A useful way to interpret the restart is as a staged re-opening rather than a full return to pre-disruption normal.. Prioritising specific corridors—especially those connected to Iran’s eastern geography—suggests authorities are testing how smoothly transit patterns can function under current constraints.. If conditions hold, additional destinations and more stable schedules may follow.
What travellers should watch for now
For anyone planning travel, the immediate takeaway is to expect a transition period.. With new routes being scheduled and rerouted through multiple Iranian airports, flight numbers and connection options may change, sometimes with little notice.. It also increases the importance of flexible booking windows and careful monitoring of airline updates, especially for itineraries that rely on transit connections rather than single-leg journeys.
There is also a broader lesson for the region’s travel market.. When disruption combines airspace restrictions and fuel supply pressures, recovery tends to be uneven—some cities see earlier service while others wait for confidence to return in both routing and costs.. Iran’s resumed services from Tehran are a sign of movement, but they also reflect how quickly aviation can be reshaped when geopolitics and energy risks overlap.

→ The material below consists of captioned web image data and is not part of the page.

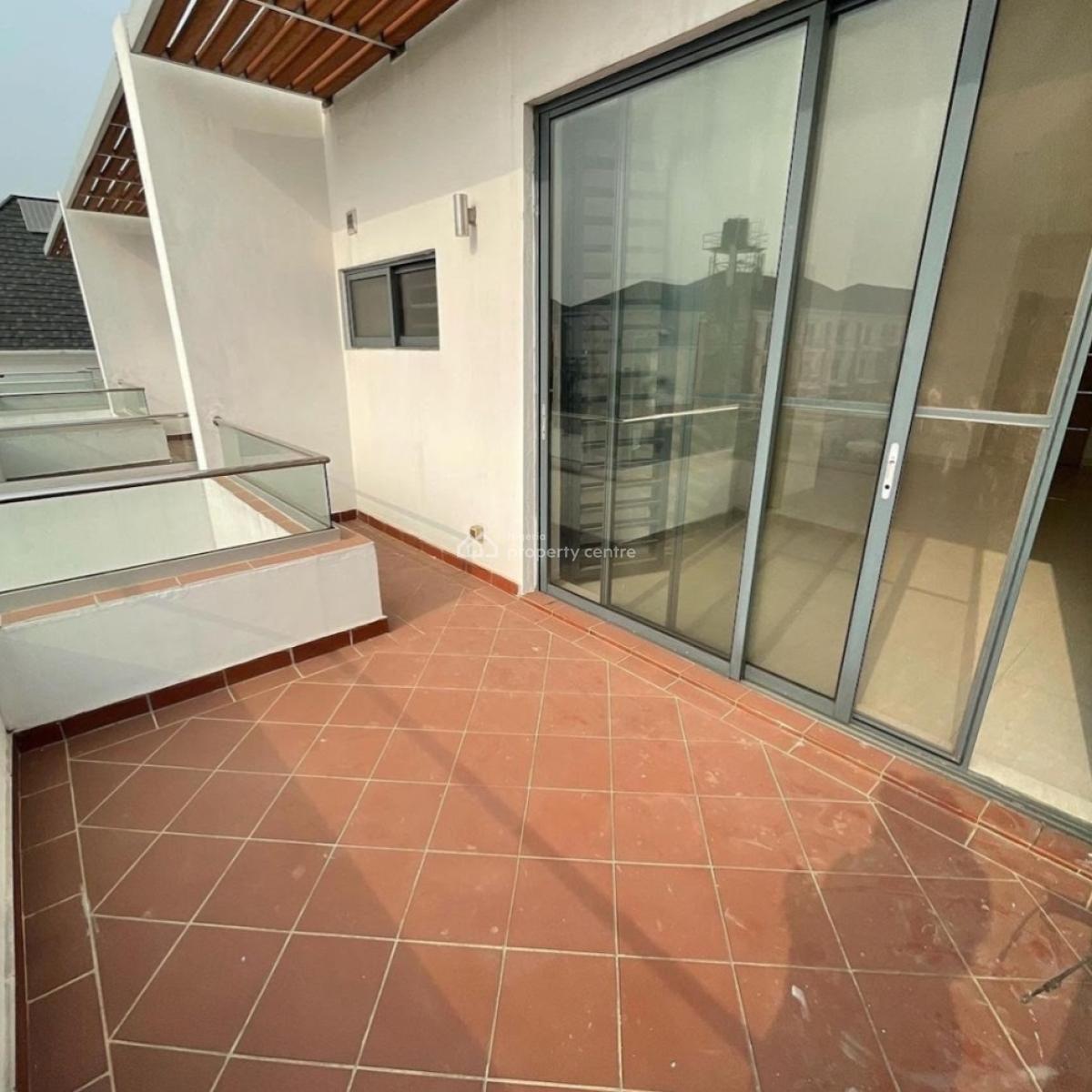 Bedroom Terraced House with Bq & Private Courtyard, Chevron, Lekki Expressway, Lekki, Lagos, Terraced Duplex for Rent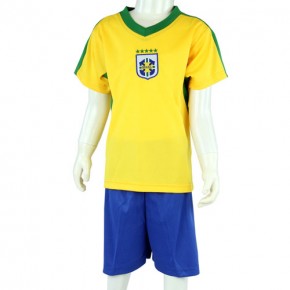 Paket mit 12 Fußball Kinder Set Trikot + Short Brasilien Art.-Nr. 0700132055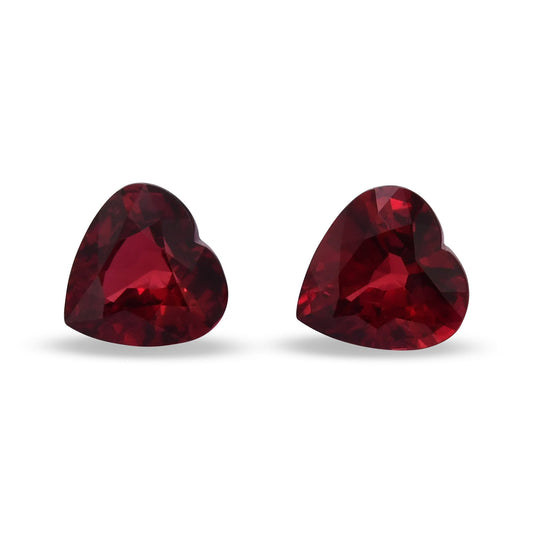 2,06 Karat roter Herzrubin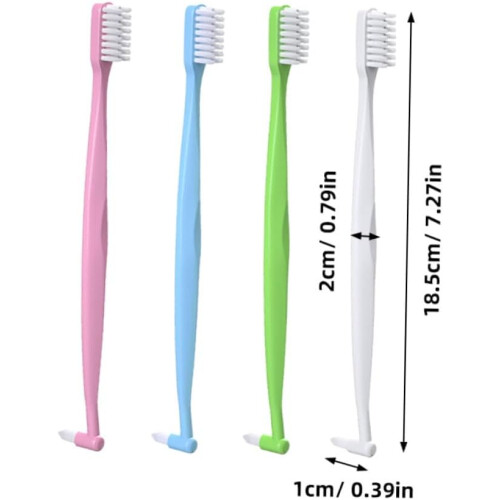 2 doubleheaded toothbrushes, interdental brushes, 4 pieces * 2 2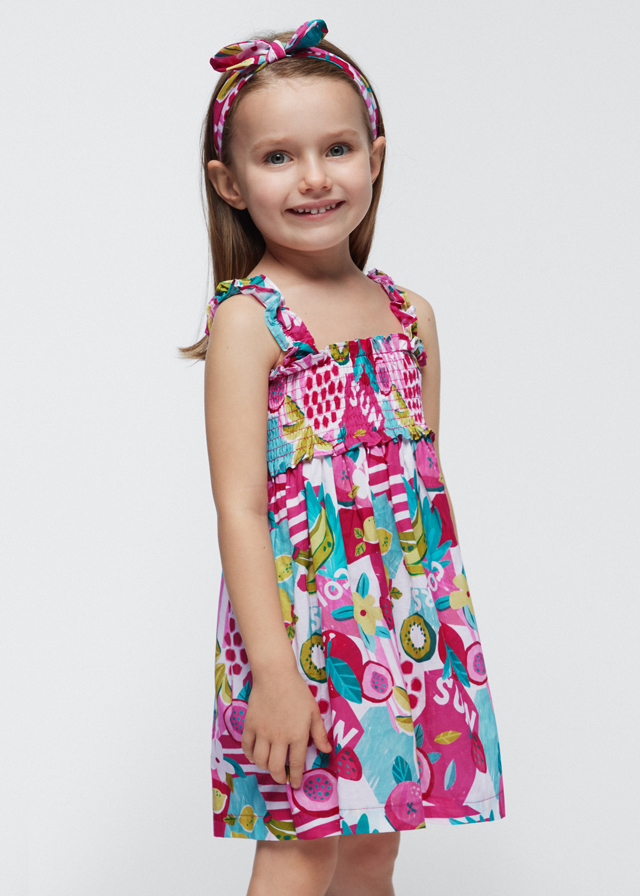  Rochie fucsia jungla cu bentita - Mayoral , [7],bestfam.ro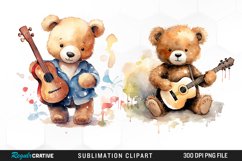 Watercolor Teddy PNG Clipart Product Image 1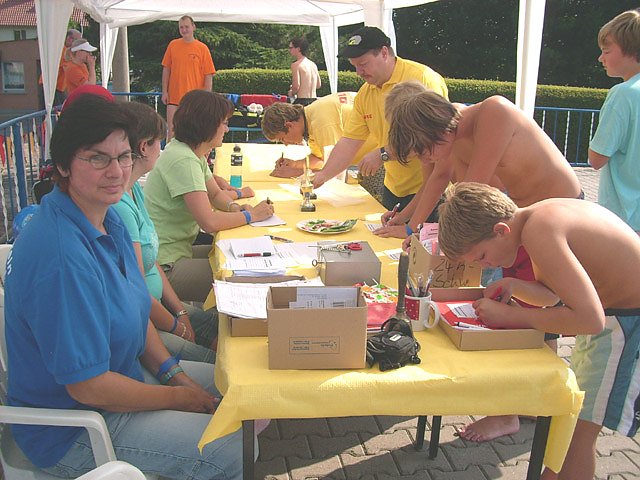 24-Stundenschwimmen Gro&szlig;furra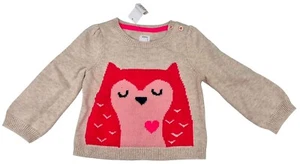 GAP Bebé Niñas Crema Diseño Búho Algodón Manga Larga Jersey Sudadera Precio de venta sugerido por el fabricante 19,99 GBP - Imagen 1 de 4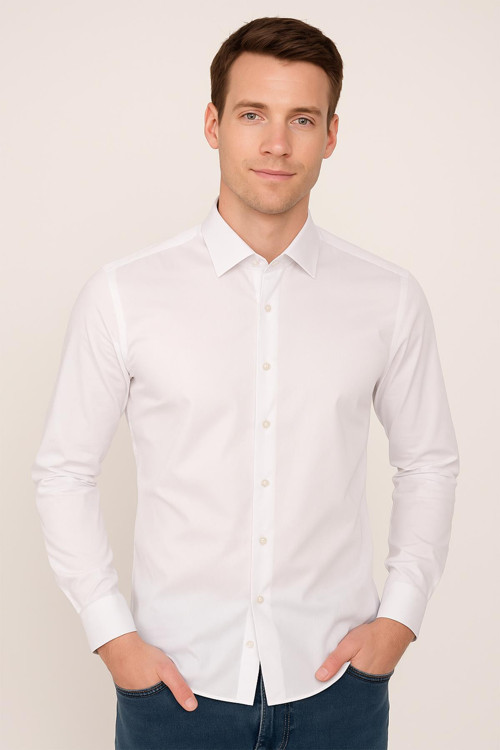 Erkek Slim Fit Damatlık Gömlek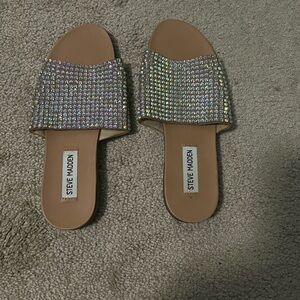 Steve Madden sparkle slides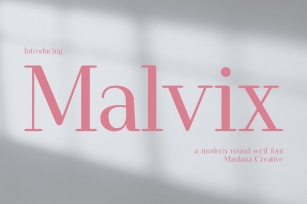 Malvix Modern Round Serif Font Font Download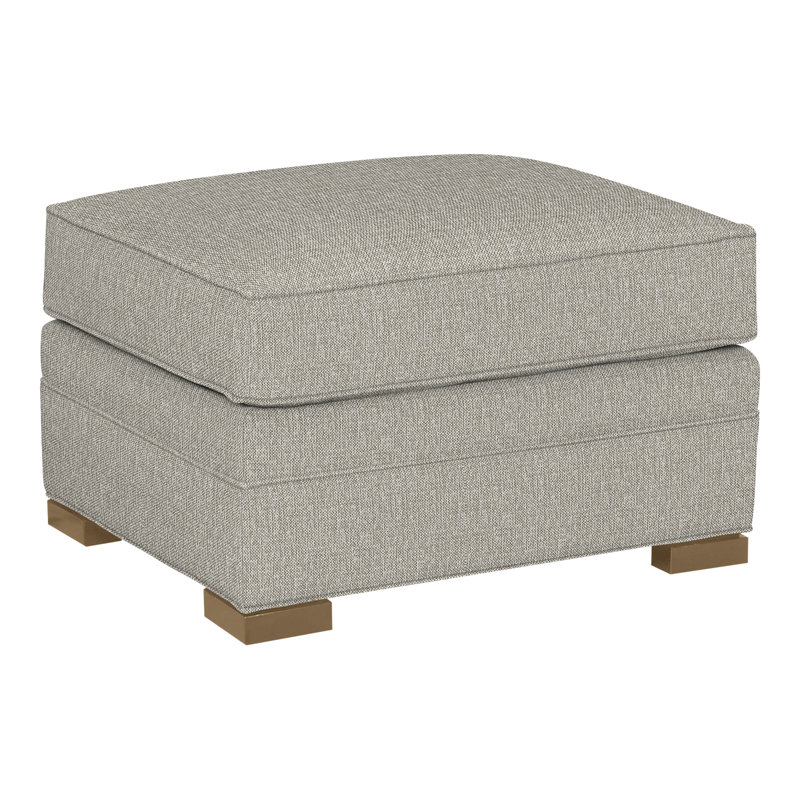 Davidson 28" Ottoman, Hampton, Tarbee Pebble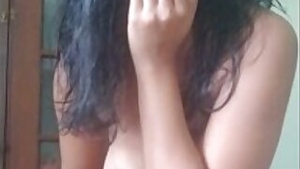 Super hot babe making video for lover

A cautious step back toward connectivity
Iran’s resumed commercial flights from Tehran mark a meaningful shift from near-standstill conditions, bringing back at least some direct links to major regional hubs and restarting services that were paused for weeks.. Through Misryoum’s reporting, the next phase hinges on route confirmations, diplomacy-driven stability, and whether jet fuel pressures ease rather than intensify.. For travellers, the message is simple: flights are coming back, but the “new normal” will likely look more like gradual restoration than immediate full recovery.